Branch out to Dataset

A view can be saved as a dataset using Branch out to Dataset task. Optionally, you can append to another dataset that is created using the same mechanism. This is useful for combining data from different views.

Quick Start

Let us say you have two views with the following sample data:

Dataset 1 → View 1:

Student Science Language
Alice 140 138
Bob 135 145

Dataset 2 → View 1:

Student Science Language
Frank 122 102
Judy 185 135

Let us try to combine these two views into one target dataset. Complete the following steps:

Open Dataset 1 → View 1.

  1. Open Data Preparation menu and click on Merge & Branch Out.
  2. Select Branch out to Dataset.
  3. Enter a name for the new dataset. In this example it would be Final Scores.
  4. Click APPLY.

The new dataset produced is created in the same folder.

This new dataset will look exactly like Dataset 1 → View 1 in with respect to data.

Open Dataset 2 → View 1. Complete the following steps:

  1. Open Data Preparation menu and click on Merge & Branch Out.
  2. Select Branch out to Dataset.
  3. Select the Combine with an existing Dataset option on at the top of the panel.
  4. Find the dataset Final Scores.
  5. Verify the column mappings.
  6. Click APPLY.

After the steps are completed, the data in Final Scores appears as shown below:

Student Science Language
Alice 140 138
Bob 135 145
Frank 122 102
Judy 185 135

Supported Options

There are two supported destination options in this task

Branch out to Dataset

This option is used to create a new Dataset. Following option is supported in this mode:

  • Dataset Name: The name of the new dataset that would get created with this operation. This name is just a suggestion and it will be modified by the system if you have datasets with the same name already. System will place the new dataset in the same folder as the parent dataset.

Note

  • System will place the new dataset in the same folder as the parent dataset.
  • Hidden columns will be ignored.

Combine with an existing Dataset

This option is used to combine with another existing dataset. This list is limited to Mammoth generated datasets only. Following options are supported in this mode:

  • Select a Dataset: To select target dataset where the data should go to. This list will show all the datasets in the system that are support appending of data.
  • Match Columns: Match the columns from the view into the target. System will auto determine but you can override it. You can only match columns that have the same type. Also the matching is one to one.

Note

Apart from these options, an option to tweak how this task works when data is refreshed is also provided. See what happens when pipeline reruns.
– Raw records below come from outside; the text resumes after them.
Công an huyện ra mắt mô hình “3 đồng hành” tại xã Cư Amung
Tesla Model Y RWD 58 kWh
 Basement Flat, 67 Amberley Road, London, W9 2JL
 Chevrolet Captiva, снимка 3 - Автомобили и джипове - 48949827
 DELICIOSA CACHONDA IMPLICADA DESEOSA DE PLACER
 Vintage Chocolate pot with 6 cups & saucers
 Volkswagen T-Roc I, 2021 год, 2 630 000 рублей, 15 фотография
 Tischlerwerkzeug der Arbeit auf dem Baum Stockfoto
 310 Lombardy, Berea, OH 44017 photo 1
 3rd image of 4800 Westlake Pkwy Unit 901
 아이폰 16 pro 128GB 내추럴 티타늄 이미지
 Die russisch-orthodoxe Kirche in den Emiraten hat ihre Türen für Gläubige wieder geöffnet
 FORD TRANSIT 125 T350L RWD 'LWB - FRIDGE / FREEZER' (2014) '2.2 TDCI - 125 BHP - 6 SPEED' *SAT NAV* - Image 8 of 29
What happens when the pipeline reruns

There are two modes you can choose from while doing a pipeline rerun

  1. Replace mode: Only batch linked to this task in the target dataset gets replaced.
  2. Combine mode: The data will be added to the target dataset as new batch. This might produce duplicate rows in target dataset if one is not careful.

Note

  • The resultant dataset gets modified only when there are changes in original dataset.
  • The resultant dataset does not reflect the changes done in the views.